Apic: Dans le chapitre « Les enjeux pour l’Eglise catholique », vous posez la question: « La prêtrise, profession homosexuelle? ». Qu’est-ce-à dire ?
C.L: Je reprends là l’expression du père Donald B. Cozzens, théologien nord- américain, qui, dans son livre « Le nouveau visage des prêtres » (Bayard, 2001), demandait: « Ne sommes-nous pas en train de mettre en place un corps sacerdotal fortement homosexuel? » Il s’appuie sur une étude commanditée par la Conférence des évêques des Etats-Unis et réalisée auprès de 1200 prêtres. 19% d’entre eux déclarent qu’il est « certain » qu’il existe une sous-culture homosexuelle parmi le clergé et les laïcs responsables dans leurs diocèses et leurs institutions religieuses. 36% considèrent que cela est vraisemblable.
En 1993, le sociologue et prêtre français Julien Potel avait réalisé une étude au terme de laquelle il concluait que 20 à 30% des hommes d’Eglise français avaient une orientation homosexuelle. Soit une sur- représentation considérable, eu égard à la moyenne nationale qui est de 3 à 4%. Quant au Père Yannick Bonnet, père de sept enfants, ordonné prêtre en 1999 trois ans après le décès de son épouse, et après avoir exercé d’importantes responsabilités professionnelles, il souligne que de 5 à 10% des séminaristes qu’il a côtoyés à Rome avaient d’évidentes tendances homophiles et que 50% d’entre eux maîtrisaient mal leur affectivité.
Apic: Cela pose la question de la sélection des séminaristes. Où en est-on aujourd’hui?
C.L: Rome doit publier un texte relatif aux critères à retenir pour admettre ou non les candidats séminaristes. Faut-il ou non leur faire passer des tests psychotechniques pointus pour savoir si oui ou non ils ont une orientation homosexuelle? Comment distinguer ceux qui pourront, nonobstant cette orientation, rester chaste, et ceux qui ne le pourront pas? Comment annoncer aux candidats non retenus que c’est leur structure psychoaffective qui pose problème en veillant à ne pas porter atteinte à leur dignité? Ces débats n’ont pas encore été tranchés car ils mettent dans l’embarras la curie romaine.
Apic: Pourquoi, selon vous, la prêtrise et la vie religieuse attirent-elles tant de personnes à orientation homosexuelle?
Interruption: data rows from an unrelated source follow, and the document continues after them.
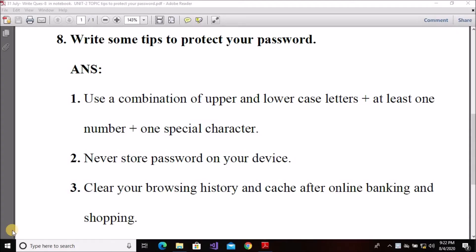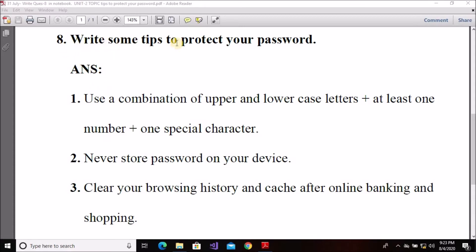Good morning, dear students. My name is Mohish Saxiano and the subject is Computer Application 165 for 9th class students. Today in this video I will explain question number 8 of second unit, Cyber Safety. The topic for today is: write some tips to protect your password. In this video I will explain these tips.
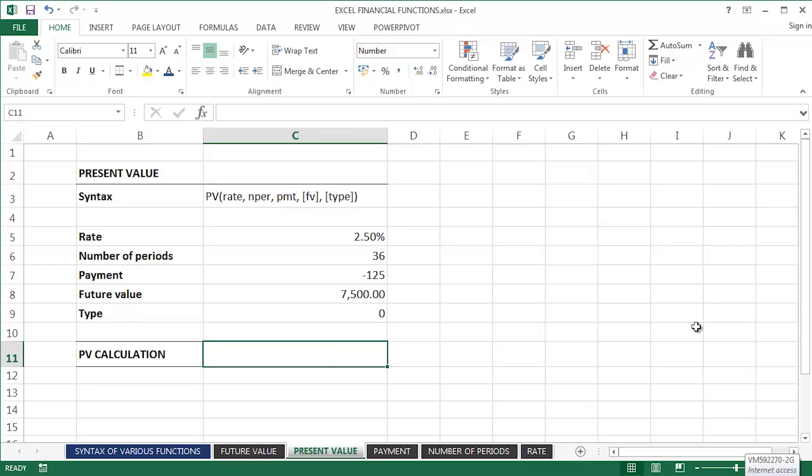I'm going to start completely from scratch. I just deleted that formula. Let's build it from the very beginning. So, there are my variables: rate, number of periods, and so on.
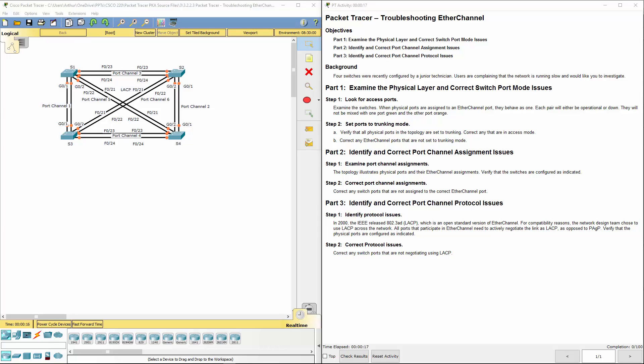Welcome to my Cisco Scaling Network lab review. Here we're looking at lab 3223, which is troubleshooting EtherChannel.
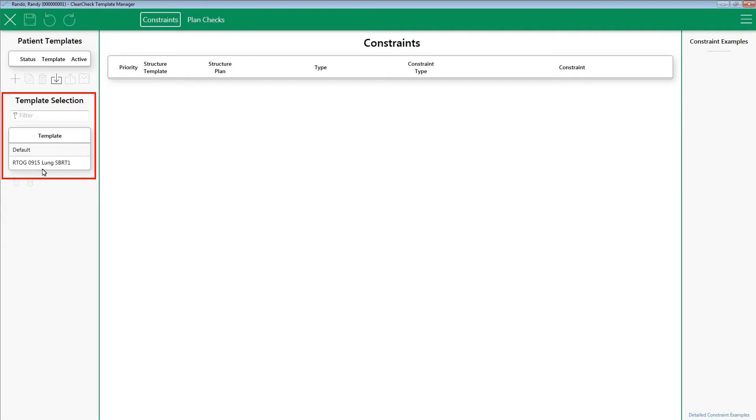Now everyone will have access to this constraint template. You may wish to export your constraints for various reasons, for example, backing up constraints, sharing constraints, etc. As with importing, you have two options for exporting out constraints.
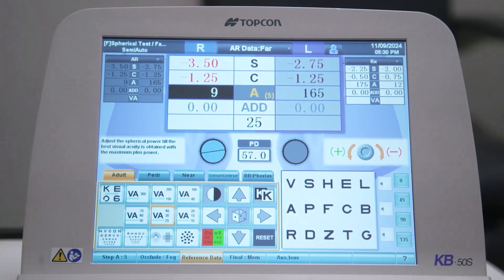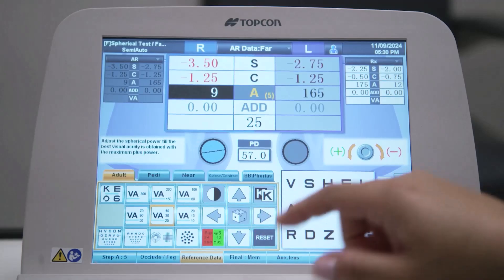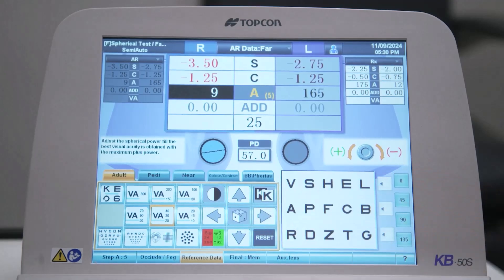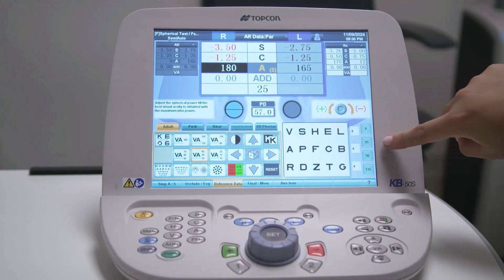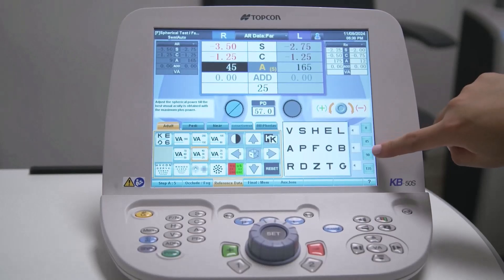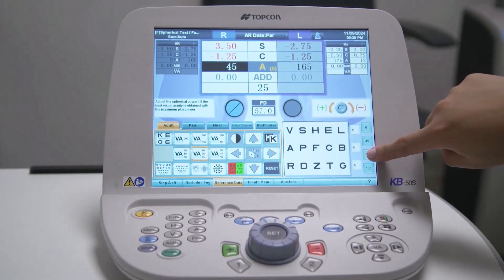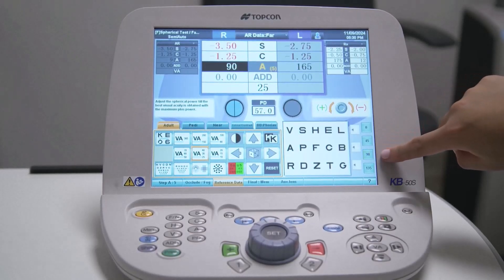These options change for other charts. For example, when checking the cylinder axis, the axis values are displayed in 45-degree increments. Selecting one of these values will move the axis to that degree.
C.L: Je tiens à préciser que la situation aux USA, telle que décrite par le Père D.B Cozzens, n’est pas la situation de l’Eglise de France. Même si, par rapport à la moyenne nationale, les personnes homosexuelles y sont sans doute sur-représentées. Ces personnes savent, plus ou moins consciemment, qu’elles ne pourront s’épanouir dans le mariage. Elles cherchent à donner un sens à leur vie, se sentent appelées au célibat et il y a souvent dans cet élan beaucoup de générosité. Le problème, c’est que, jusqu’à aujourd’hui, la hiérarchie catholique ne propose d’autres options que le célibat consacré ou le mariage. Tout l’enjeu pour elle est de revaloriser le célibat laïc. Celui-ci peut être tout à fait fécond en terme d’engagement, d’attention aux autres et de recherche d’une vie qui réponde à l’appel du Christ.
Apic: Comment est accueilli votre livre?
C.L: Plutôt bien jusqu’à présent. Une quinzaine d’évêques ont même pris le temps de m’écrire pour me remercier d’avoir su attirer leur attention sur une réalité si délicate et complexe.
* « Les chrétiens et l’homosexualité », Claire Lesegretain / Presses de la Renaissance / 408 p. 22 euros.